Wenn ich heute schlechte Laune, ein enttäuschtes Herz oder einen misslungenen Arbeitstag hinter mir habe, mich ohnmächtig oder schlecht behandelt fühle, ziehe ich meine Wanderschuhe an, denn dieses Gefühl des unzufrieden Seins und das sich Fortbewegen im Freien gehören in meinem Leben unverbrüchlich zusammen. Ich marschiere forsch los und so übellaunig ich auch sein mag, je länger ich gehe, desto leiser wird das Rumoren in mir.

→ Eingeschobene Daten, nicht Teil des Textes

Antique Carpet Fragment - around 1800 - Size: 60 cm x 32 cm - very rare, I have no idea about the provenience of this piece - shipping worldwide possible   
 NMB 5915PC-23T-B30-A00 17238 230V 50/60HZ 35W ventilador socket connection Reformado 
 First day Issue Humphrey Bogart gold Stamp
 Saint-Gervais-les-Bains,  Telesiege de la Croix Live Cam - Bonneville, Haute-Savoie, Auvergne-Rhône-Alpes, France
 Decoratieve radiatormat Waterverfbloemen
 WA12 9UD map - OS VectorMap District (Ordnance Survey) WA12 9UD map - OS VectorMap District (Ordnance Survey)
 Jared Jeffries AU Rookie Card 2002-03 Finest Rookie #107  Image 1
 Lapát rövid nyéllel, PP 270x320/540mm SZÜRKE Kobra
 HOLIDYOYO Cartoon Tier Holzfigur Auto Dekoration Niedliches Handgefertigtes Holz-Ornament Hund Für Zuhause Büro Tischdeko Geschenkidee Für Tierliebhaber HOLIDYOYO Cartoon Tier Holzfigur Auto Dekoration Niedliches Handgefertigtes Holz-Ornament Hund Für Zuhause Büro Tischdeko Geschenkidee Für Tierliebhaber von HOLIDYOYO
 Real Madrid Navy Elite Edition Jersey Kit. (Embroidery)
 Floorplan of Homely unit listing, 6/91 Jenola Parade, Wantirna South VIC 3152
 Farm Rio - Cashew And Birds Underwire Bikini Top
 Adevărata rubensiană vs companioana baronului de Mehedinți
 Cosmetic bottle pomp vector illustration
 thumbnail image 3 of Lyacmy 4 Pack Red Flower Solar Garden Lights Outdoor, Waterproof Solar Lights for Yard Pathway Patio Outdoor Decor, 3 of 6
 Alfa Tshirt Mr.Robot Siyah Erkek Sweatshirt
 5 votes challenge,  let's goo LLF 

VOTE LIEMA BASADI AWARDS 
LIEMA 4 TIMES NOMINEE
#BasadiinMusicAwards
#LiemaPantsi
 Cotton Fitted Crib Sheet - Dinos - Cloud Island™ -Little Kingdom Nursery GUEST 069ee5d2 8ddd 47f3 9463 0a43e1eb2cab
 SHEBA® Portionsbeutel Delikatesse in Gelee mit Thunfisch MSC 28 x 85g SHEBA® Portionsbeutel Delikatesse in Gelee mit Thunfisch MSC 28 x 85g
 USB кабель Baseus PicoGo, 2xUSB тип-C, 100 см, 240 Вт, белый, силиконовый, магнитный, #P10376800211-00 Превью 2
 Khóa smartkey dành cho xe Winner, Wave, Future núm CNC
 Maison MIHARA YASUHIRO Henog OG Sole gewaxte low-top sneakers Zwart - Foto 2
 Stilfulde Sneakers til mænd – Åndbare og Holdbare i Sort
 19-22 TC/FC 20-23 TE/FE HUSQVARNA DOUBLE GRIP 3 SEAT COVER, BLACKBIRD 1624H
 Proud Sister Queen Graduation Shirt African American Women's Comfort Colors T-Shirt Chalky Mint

Ich könnte nicht sagen, ob ich dabei vor mir selbst davon oder mir nachrenne, aber allein das sich Wegbewegen von allem, was den Alltag ausmacht, schafft eine Distanz, die sich auch im Denken breit macht. Plötzlich kommen über den Anblick zweier Schafe im Weingarten Erinnerungen über mich, die mir ein Lächeln auf die Lippen zaubern. Das Wasser aus dem Trinkbrunnen schmeckt so frisch, dass ich an eine Almwanderung in einem längst vergangenen Sommer denken muss, bei der die Kinder noch klein waren. Ich erklimme die Aussichtswarte und sehe die Nebel ziehen, die nach dem Regen aus dem dunklen Wald aufsteigen, als wollte der Herbst schon Einzug halten. Es ist, als wollten alle Sommer, die ich je erlebt habe, an mir vorüberziehen.